**EXERCISE OBJECTIVE:** The full listing, returned exactly and free of pictures, is the expected answer.

───── INFORMATION PROVIDED ─────

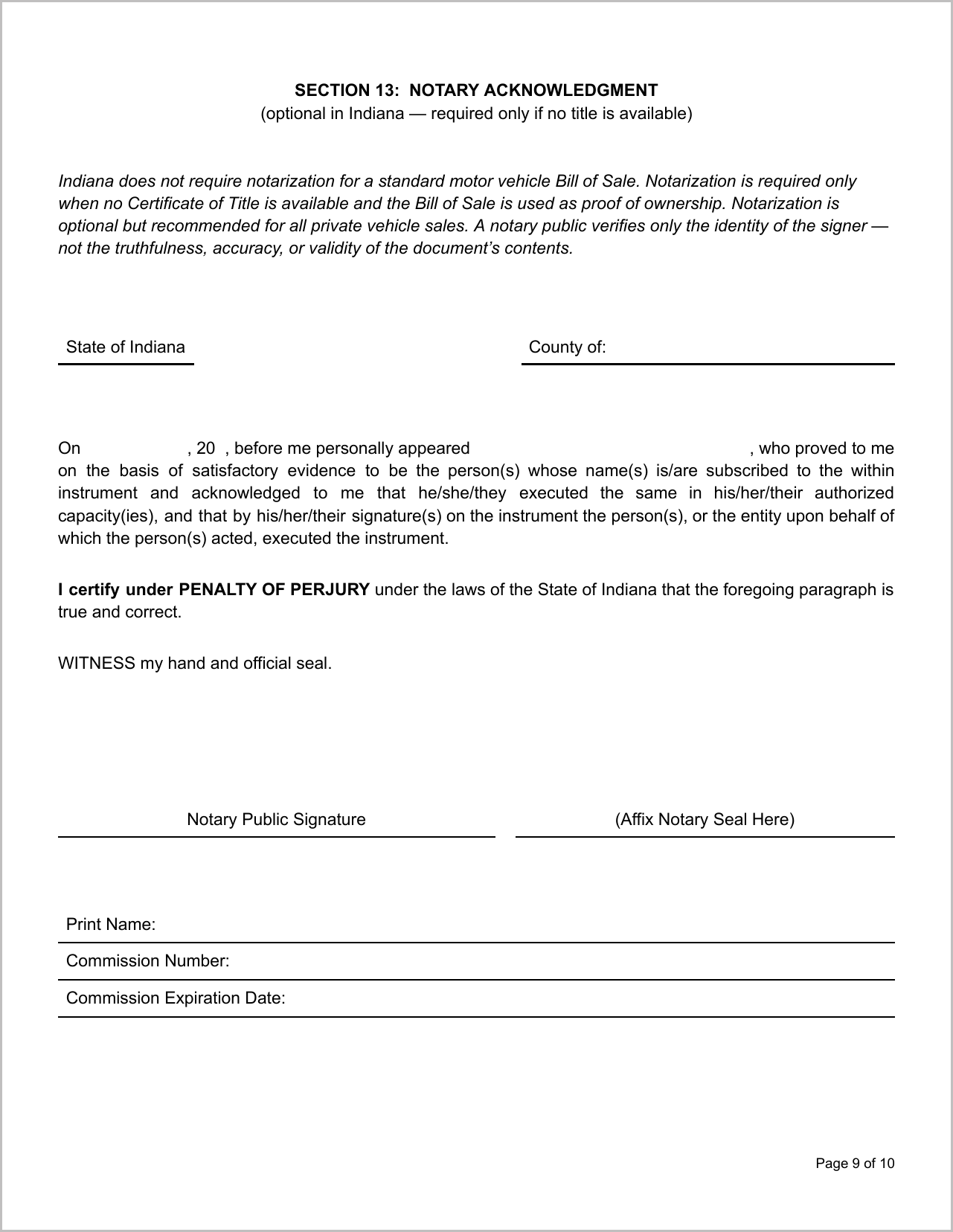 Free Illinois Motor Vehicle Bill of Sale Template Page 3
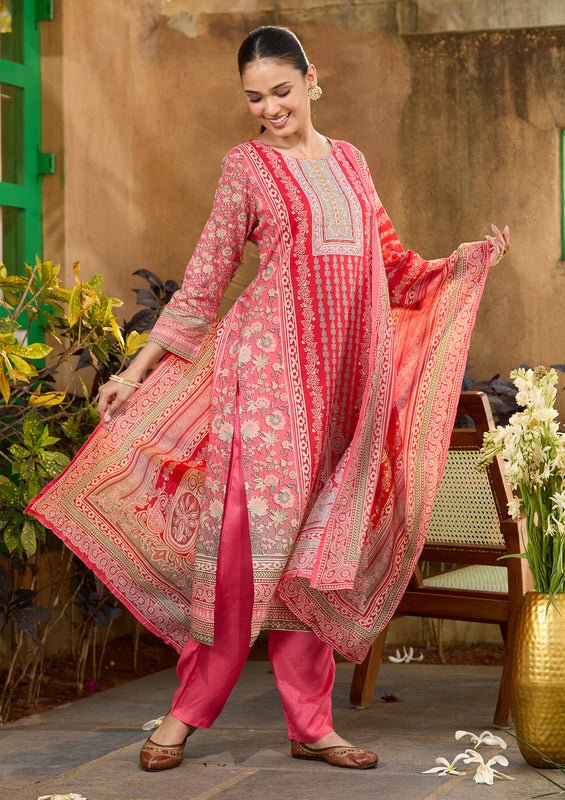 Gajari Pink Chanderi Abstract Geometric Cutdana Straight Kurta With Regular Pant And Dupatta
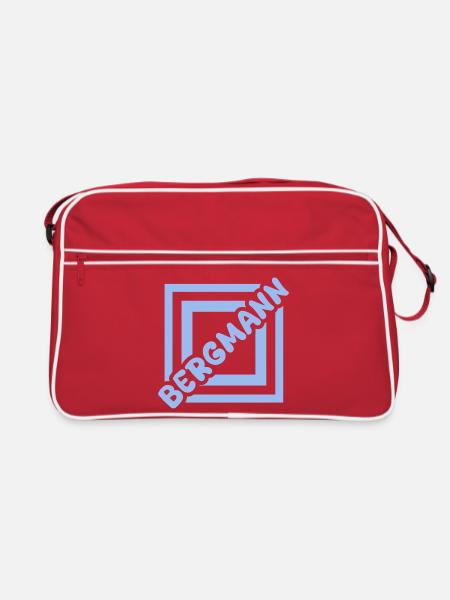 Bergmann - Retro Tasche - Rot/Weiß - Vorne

─────

**TASK ANSWER:**
 Free Illinois Motor Vehicle Bill of Sale Template Page 3
 Gajari Pink Chanderi Abstract Geometric Cutdana Straight Kurta With Regular Pant And Dupatta
 Bergmann - Retro Tasche - Rot/Weiß - Vorne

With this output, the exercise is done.